How to implement a Sync Engine for the Web

I implemented a sync engine for the web: reactive client local storage, web workers for background sync, socket, CRDT, server storage. This is how it all works.

Sandro Maglione

Contact me

1846 words

・

Users want apps to be fast, privacy-friendly, multi device, and working offline. Developers want to reduce complexity while still providing a delightful user experience.

A sync engine is the key that unlocks both requirements ⚡️

I implemented a sync engine for the web, end-to-end from client(s) to server. This article is an overview of how a sync engine for the web works and how you can implement one for yourself.

By the end of the article, you will understand why and how all the components of the diagram below work together to create a superior user and developer experience.

At the end of the article you will understand how all the pieces fit together, and how you can implement your own sync engine for the web.

Store data on the client

Most of the complexity of client code is caused by network requests:

Handling all possible errors (missing connection, encoded/decode requests, error responses)
Manage loading states
Build HTTP requests with correct token, headers, parameters
Handle asynchronous requests inside the UI

It's also where the user experience starts to degrade:

Long waiting times
Unclear error messages when something bad happens
No offline support

When the client reads and writes on local storage both the user and developer experiences become better and faster.

All these issues disappear when the client writes and reads data locally:

Fast (even synchronous)
Privacy-friendly
Offline by default
Persistent

Let's start from this simple idea: the client (UI) always writes and reads locally.

Local-only: the best developer experience

When the data is stored locally, it's possible to implement an "observable" that automatically re-render the UI when data changes.

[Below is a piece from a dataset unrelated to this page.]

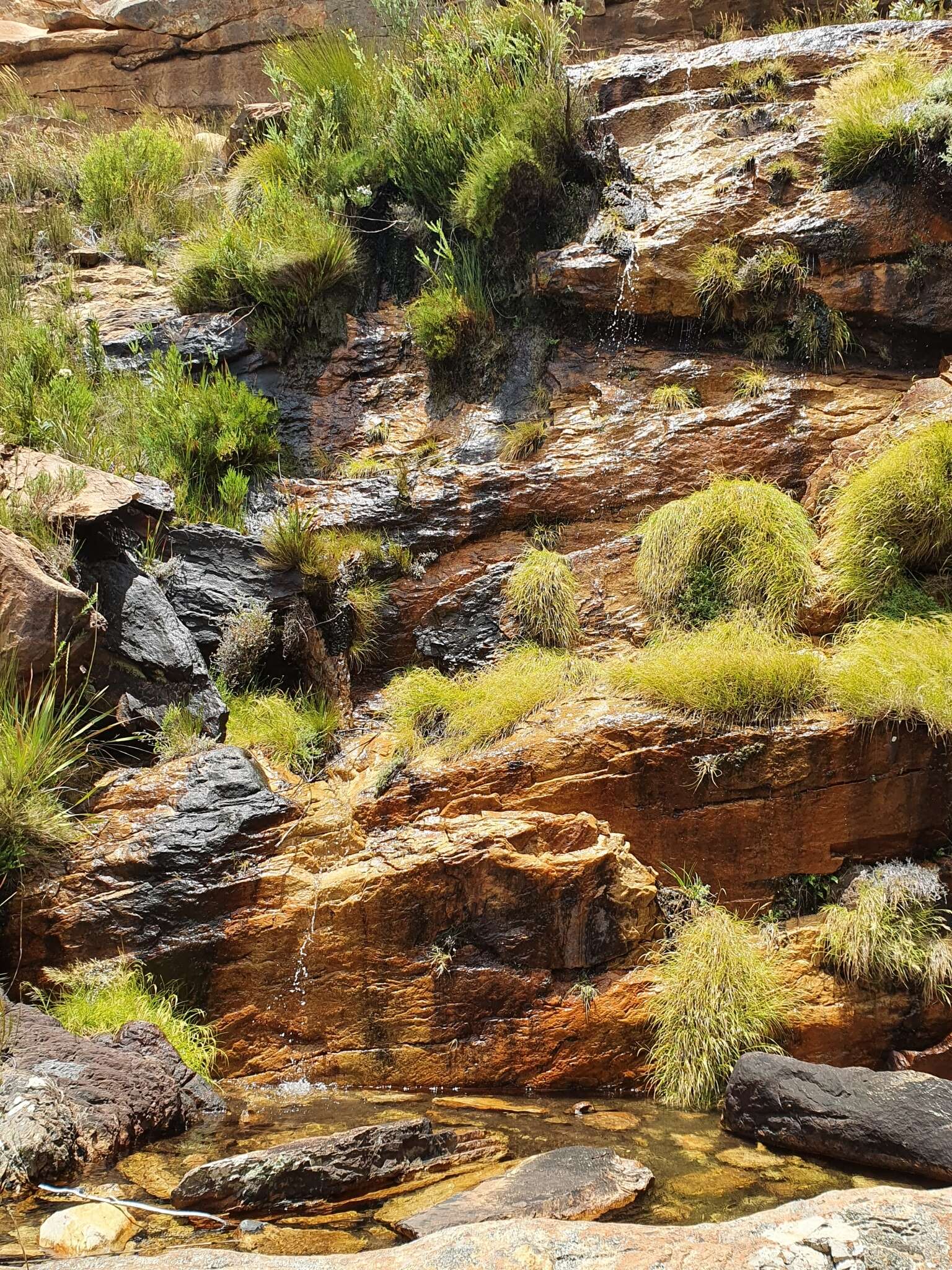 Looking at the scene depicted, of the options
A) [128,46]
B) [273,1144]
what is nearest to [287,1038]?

A live query provides data to a component and re-renders it when the requested data changes.

This reduces the responsibility of the UI to mutating data, just like a simple useState in React.

Local-only apps store data on some form of local storage and use live queries to automatically re-render the UI when data changes.

Some local storage options currently available on the web are:

IndexedDB (DexieJs with liveQuery)
Postgres (PgLite's live queries)
SQLite (using WASM and something like wa-sqlite)

With live queries there is no need of any store-based state management libraries (Redux, Jotai, Zustand).

You also don't need TanStack Query, since all the data is stored locally.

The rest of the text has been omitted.